Witnesses said they heard two explosions.
“The first blast I heard was from behind the stage,” said Teerawut Utakaprechanun, who told Reuters Television he had been turning out for the protests every day.
“People were looking around. I saw the security guards running after a suspect. After one minute I heard another bomb blast.”
On Friday night, one man was killed and 35 protesters were wounded in a grenade explosion in the capital. That takes to nine the death toll since the protests started in November.
They form the latest episode in an 8-year conflict pitting Bangkok’s middle class and royalist establishment against poorer, mainly rural supporters of Yingluck and her brother, the self-exiled former premier Thaksin Shinawatra.
The protesters accuse Thaksin of nepotism and corruption, and aim to eradicate the political influence of his family by altering the electoral system, but they have not spelled out how, and other political reforms.

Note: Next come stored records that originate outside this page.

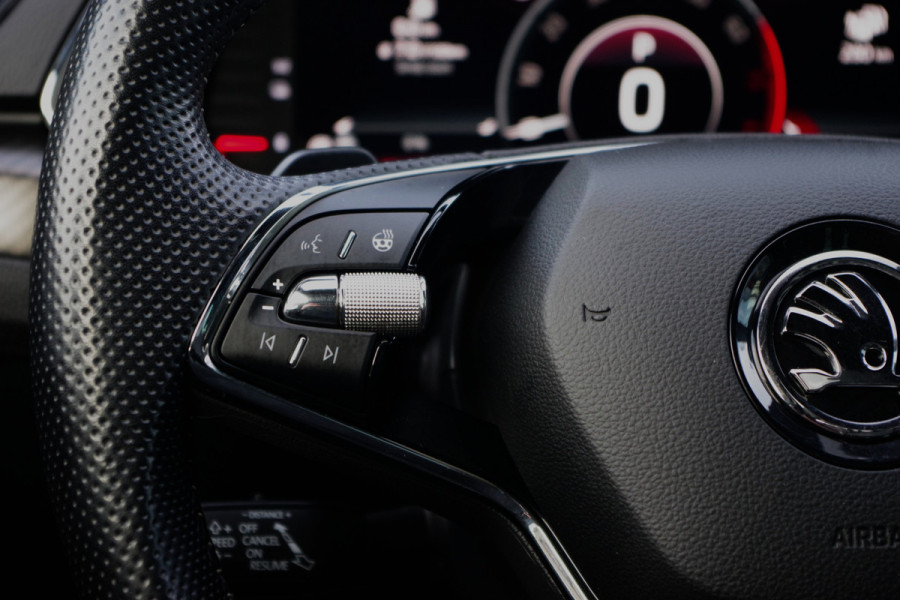 Škoda Superb Combi 1.4 TSI iV 218 PK Sportline BNS PHEV, Trekhaak, Panoramadak, 4 x Stoelverwarming, 360 Camera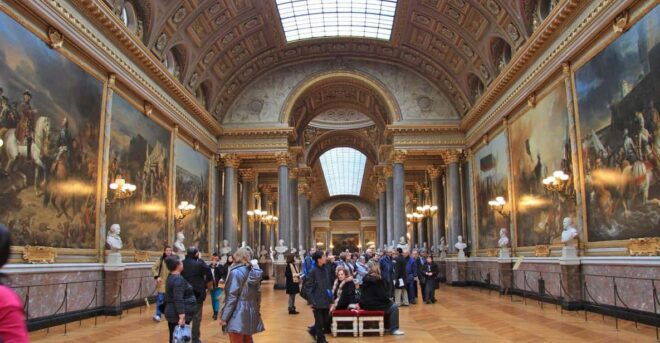 Paris: 10H Private Tour for Arc De Triomphe, Versailles - Booking Process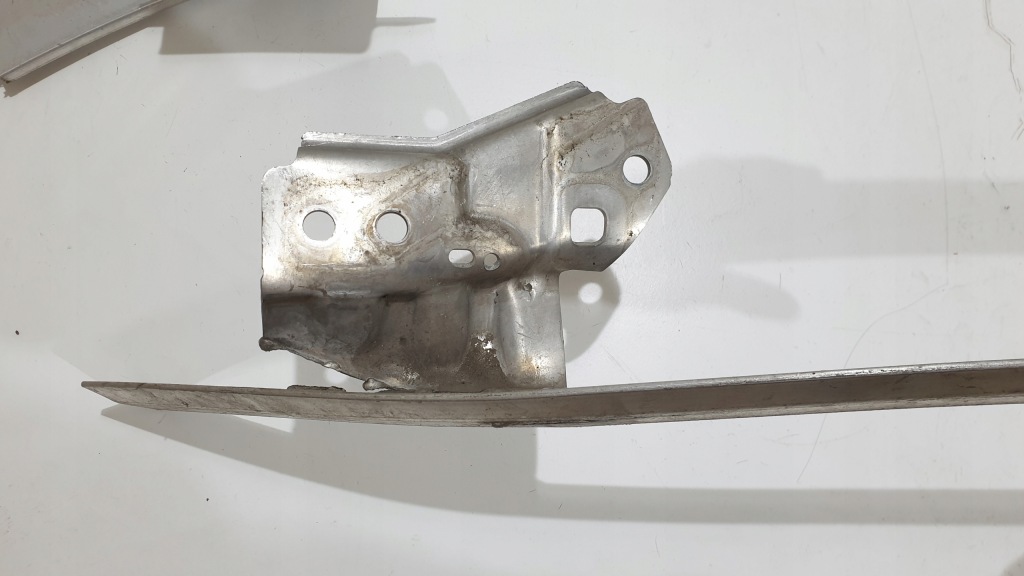 Балка усилитель бампера tesla 3 1084894-00-b Киев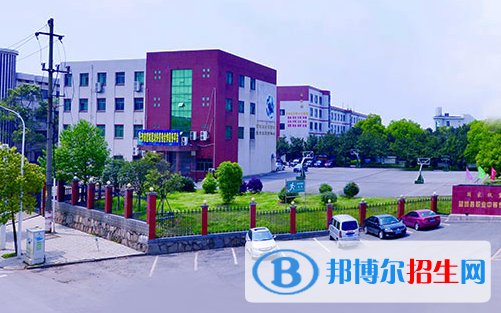 望城縣職業(yè)中等專業(yè)學校2022年報名條件、招生對象、招生要求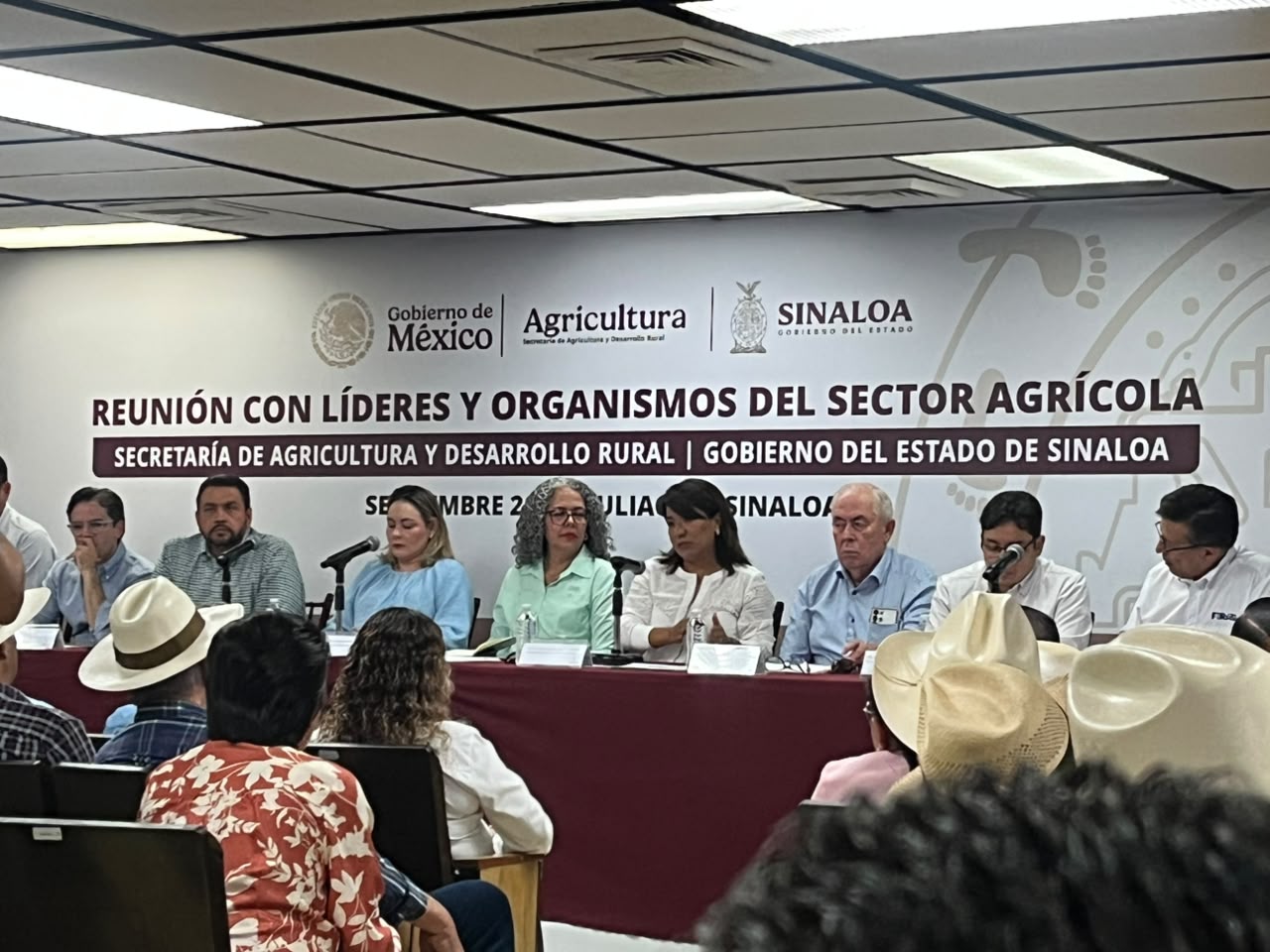 Titular de Sader, Columba López llega a Sinaloa para reunirse con productores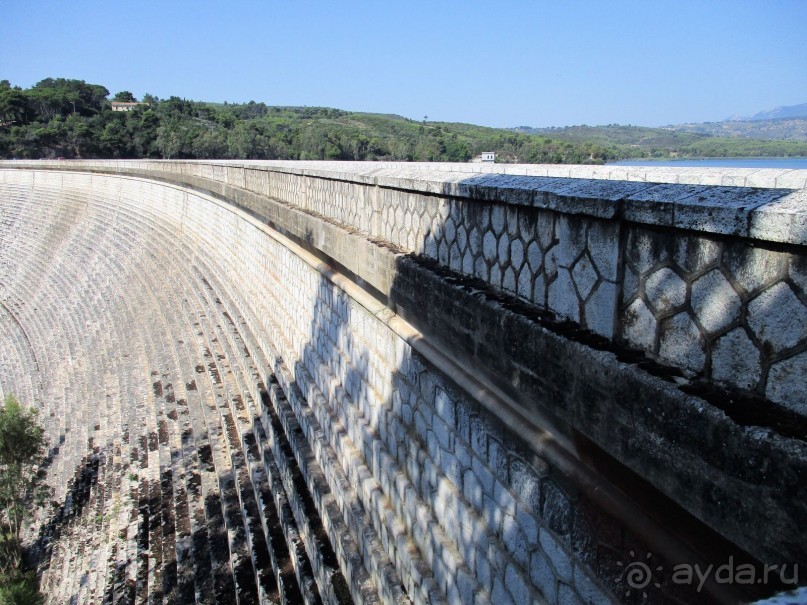 Греческая  "кругосветка". Современные Афины. Озеро Марафон.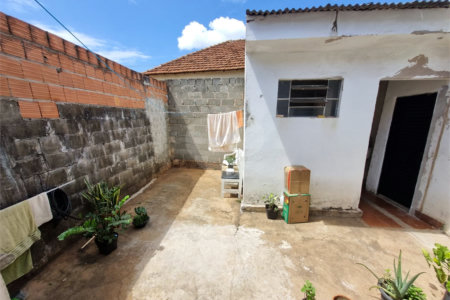 Casa térrea a venda na Vila Lutfalla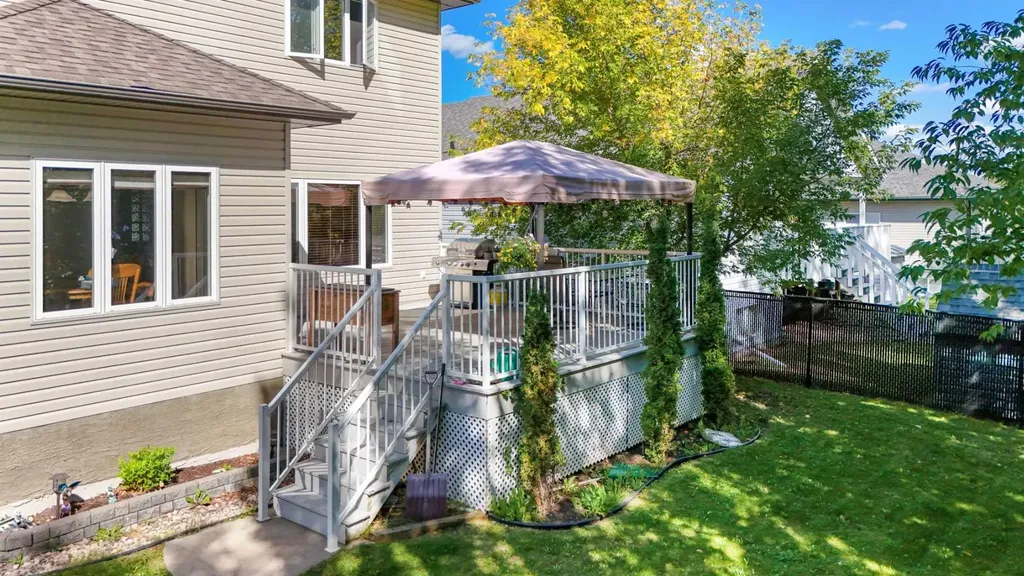 3905 44a Avenue Drayton Valley AB T7A 1V9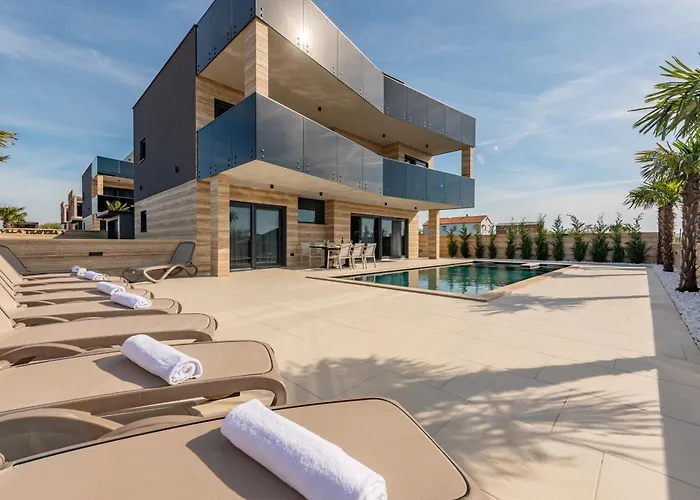 Seaside Luxury With A Swimming Pool Privlaka, Zadar - 23517 *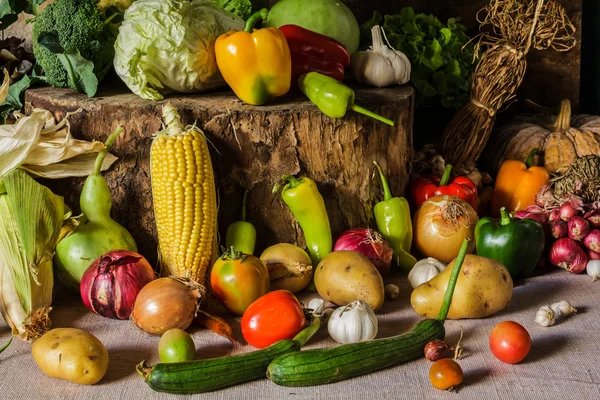 Stilleben grönsaker, örter och frukter. — Stockfoto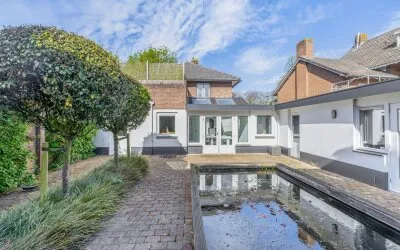 Vrijstaande woning te koop: Dirk Staalweg 1, Ermelo - Centrum Ermelo
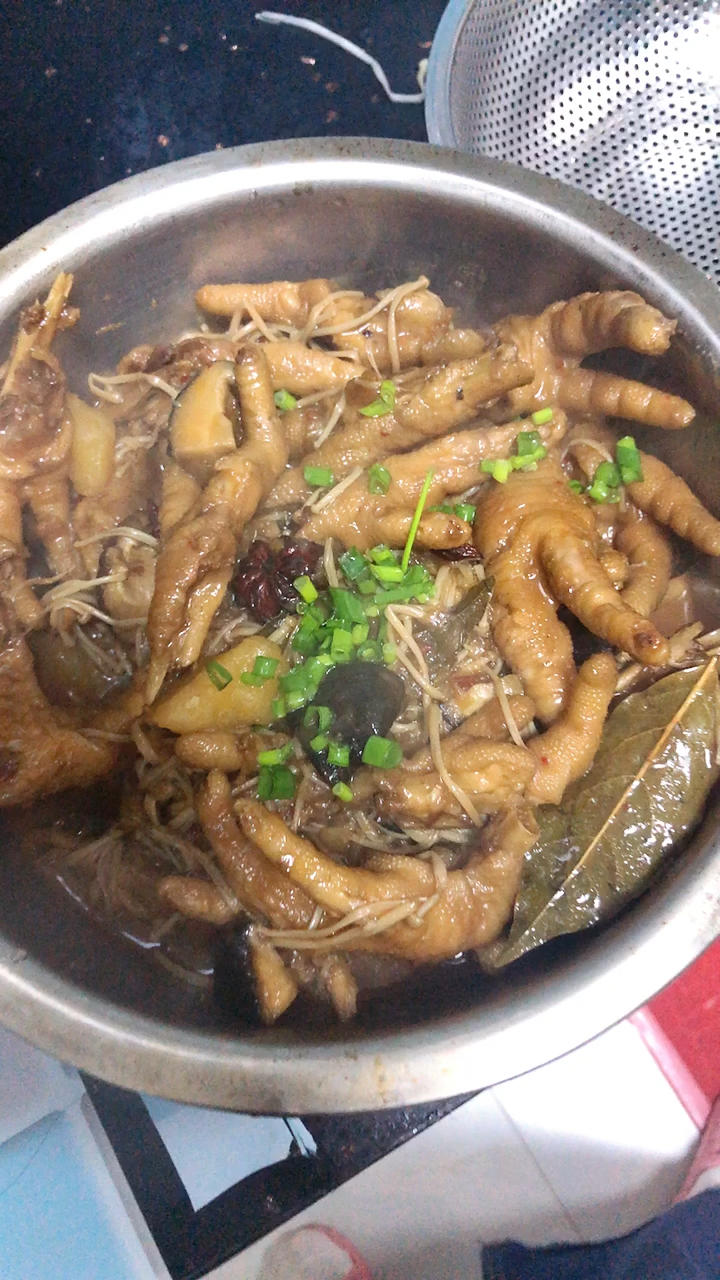 完美复制胖哥俩鸡爪煲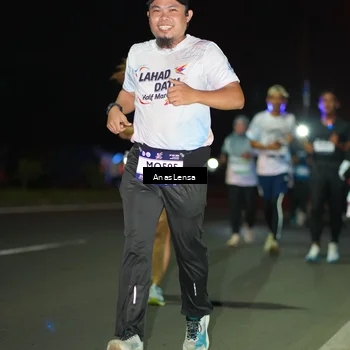 Runner Photo 7634700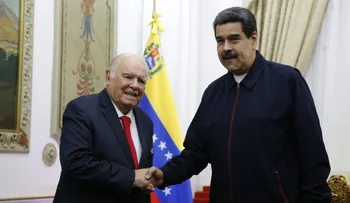 Maduro se reúne en Caracas con el asesor de la UE para la crisis venezolana
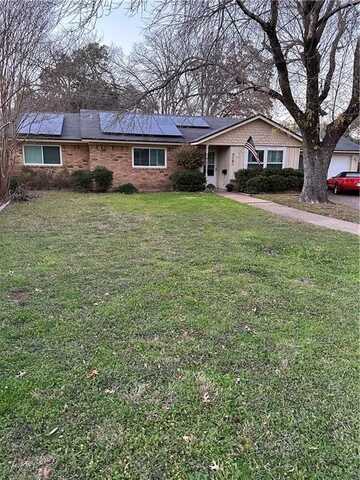 5101 Loch Lomond Drive, Waco, TX 76710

The firebrand leader of the anti-government protests, Suthep Thaugsuban, spent much of yesterday leading thousands in a march through Bangkok demanding that Yingluck resign, and collecting bundles of cash from supporters in the streets in what has become a trademark of his public appearances.
However, there are signs the protests against the government could be running out of steam. The government has allowed protesters to take over key buildings without confrontation and, crucially, the military has so far remained neutral.
“Now all of us need to help each other in taking care of our own nation,” supreme armed forces commander Thanasak Patimapakorn said after Saturday’s Army Day parade.
“The relationship between the government and the army is normal ... We need to respect law and order. I myself respect the law and I respect all sides and I request that all sides should come together and talk to find a solution,” he said.